On his failure to receive the Grecian mission which he had been led to think might be offered to him. 1866.

The Grecian olives vanish from thy sight,
The wondrous hills, the old historic soil;
The elastic air, that freshened with delight
Thy youthful temples, flushed with soldier toil.
O noble soul! thy laurel early wreathed
Gathers the Christian rose and lilies fair,
For civic virtues when the sword was sheathed,
And perfect faith that learns from every snare.
Let, then, the modern embassy float by,
Nor one regret in thy high bosom lurk:
God's mission called thy youth to that soft sky;
Wait God's dismissal where thou build'st His work!

"Divide et impera is an old maxim of despotism which does not look as if States' rights pointed in the direction of true freedom."

"It is only in the natural order that the living dog is better than the dead lion. Will any one say that the living thief is better than the dead hero?
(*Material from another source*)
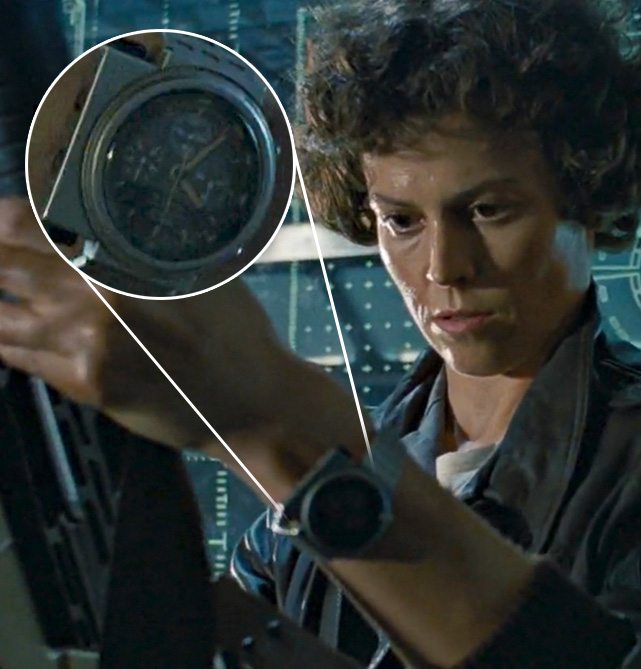 Seiko to re-release Aliens watch worn by Ripley for 30th Anniversary in  2016 | Geek Culture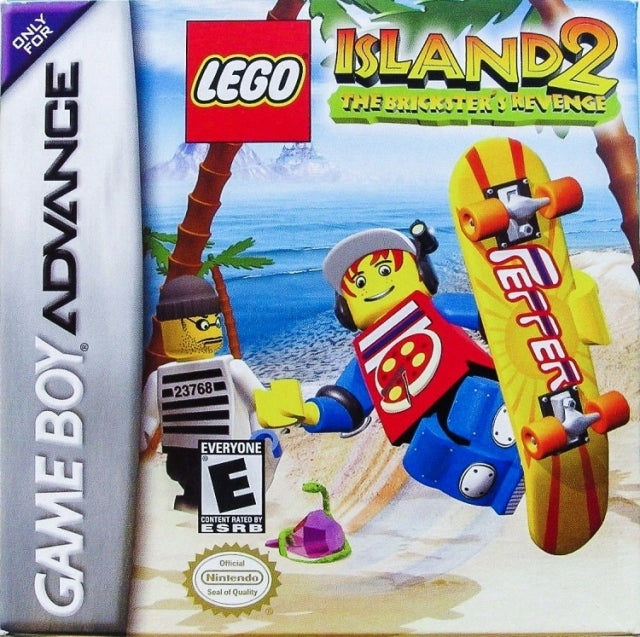 LEGO Island 2: La venganza del Brickster (Gameboy Advance)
No one, save perhaps the thief himself, who is no judge."

The Journal is now largely concerned with Kant, and with Maine's work on "Ancient Law," from which she quotes freely. Here and there are touches of her own.

"Epicureans are to Stoics as circumference to centre."

"I think Hegel more difficult than important. Many people suppose that the difficulty of a study is a sure indication of its importance."

In these years the Doctor and our sister Julia were in summer time rather visitors than members of the family. The former was, as Governor Bullock said of him, "driving all the Charities of Massachusetts abreast," and could enjoy the Valley only by snatches, flying down for a day or a week as he could. Julia, from her early girlhood, had interested herself deeply in all that concerned the blind, and had become more and more the Doctor's companion and workfellow at the Perkins Institution, where much of his time was necessarily spent. She had classes in various branches of study, and in school and out gave herself freely to her blind pupils. A friend said to her mother, many years later, "It was one of the sights of Boston in the days of the Harvard Musical concerts to see your Julia's radiant face as she would come into Music Hall, leading a blind pupil in either hand."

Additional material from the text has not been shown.